The 10-Minute Rule

A survival technique inspired by crap films

I was overseas and living alone when A.I. Artificial Intelligence (2001) popped up on TV one night. I had a hunch it wasn’t my kind of flick early on, but I persevered because:

a) I didn't have anything better to do
b) a lot of people had said the movie was great.

I wish I’d followed my gut instinct and skipped it.

I immediately hated the kid playing the lead. He had the most punchable face, and his dippy haircut and dopey expression made me want to pull him through the TV screen and break his spine over my knee.
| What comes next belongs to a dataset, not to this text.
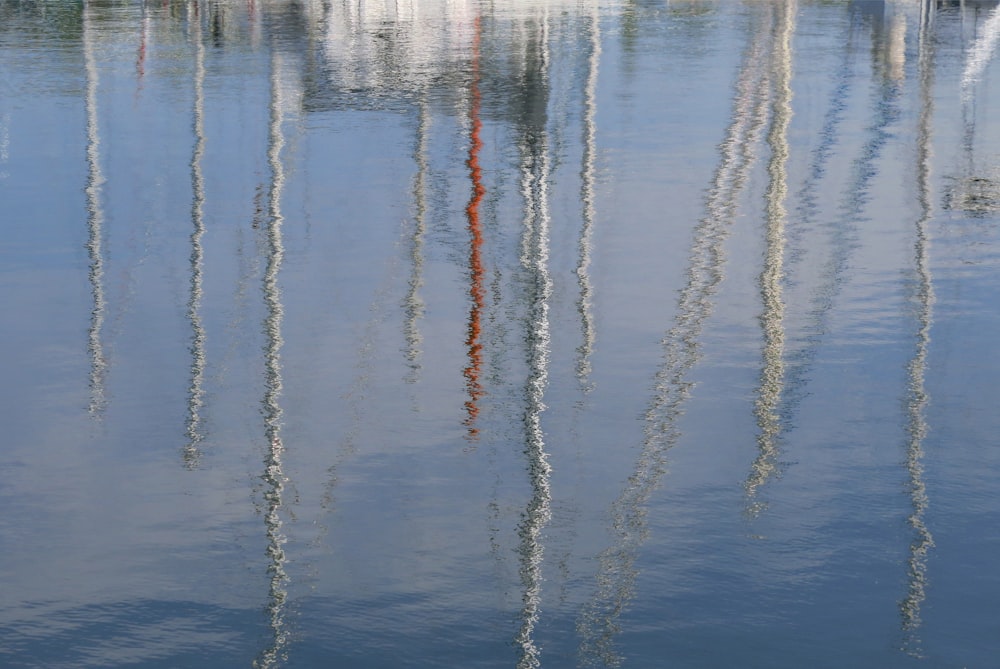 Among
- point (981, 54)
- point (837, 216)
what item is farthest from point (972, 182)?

I know it’s wrong and unfair to judge anyone by their appearance, but I don't care.

A.I. seemed to go on for a very, very long time - much longer than seemed necessary. There’s a scene, for example, where the kid gets stuck in a little submersible on the bottom of the ocean. I actually thought that was the end of the movie. And let me just say that although I wasn't happy about sacrificing 90 minutes of my life for what I'd just seen, I was at least grateful that I could finally go to bed. So I stood up and waited for the credits to roll...

But alas. The movie wasn’t over!

Grumbling, I sat back down in front of the TV and watched in disbelief as that fucking kid continued to dick around on the sea floor and discovered weird robot aliens or some such bullshit. I huffed and puffed in frustration and boredom as the saga rolled on, but I figured that since I’d come this far I should at least finish what I’d started. I can’t really remember what that kid got up to next, but eventually something else happened that made me think the movie had finally finished. I sighed and got up. Roll credits?

Nope. The movie still wasn’t over!

Back in front of the TV I sat, only now feeling genuinely hateful. Nothing that wretched kid did next was even remotely interesting or made any sense to me. I started yelling at the screen, demanding that the movie end! Eventually I got my way, but to this day I can't remember the conclusion because by that time I'd entered a kind of semi-catatonic state of emotional numbness in which I was looking at the TV without actually watching the movie. When the credits finally did roll, it was 1:30am and I was exhausted, bleary-eyed and really, really pissed off with both A.I. and myself.

Unfortunately, I had a very similar experience with Her (2013). I will not even begin to describe this particular movie because I hate it more than I can say.

I was also badly stung by Prisoners (2013). If you haven’t seen it, don’t. It's the absolute fucking worst, and I don't have the wherewithal to talk about it. Let's just say that I'd rather sit through A.I. 3 more times than ever watch this film again.

Right. Enough. The  moral here is that it’s better to cut your losses than watch garbage to the bitter end. This is the 10-Minute Rule in a nutshell. Here's how it works, exactly:

Give a movie (this works for TV shows as well, btw) 10 minutes of your time. If it fails to grab your attention by then, quit. Stop watching. DO NOT be tempted to give the show another 10 minutes, hoping it will pick up. It won't. You WILL be there until the credits roll and you WILL want to punch yourself in the face for being a sucker.

Also, and this is important: if you say or think 'Man, that's fucking stupid' at any point before or after the first 10 minutes, forget it. Stop watching. You'll be tempted to believe otherwise, but when shit starts rubbing you in the wrongest of ways, the wisest thing you can to do is call time.

Simply put, life is too short to put up with entertainment that doesn't actually entertain. There's a ton of great content to be had, so don't waste your time on anything that fails to make you happy.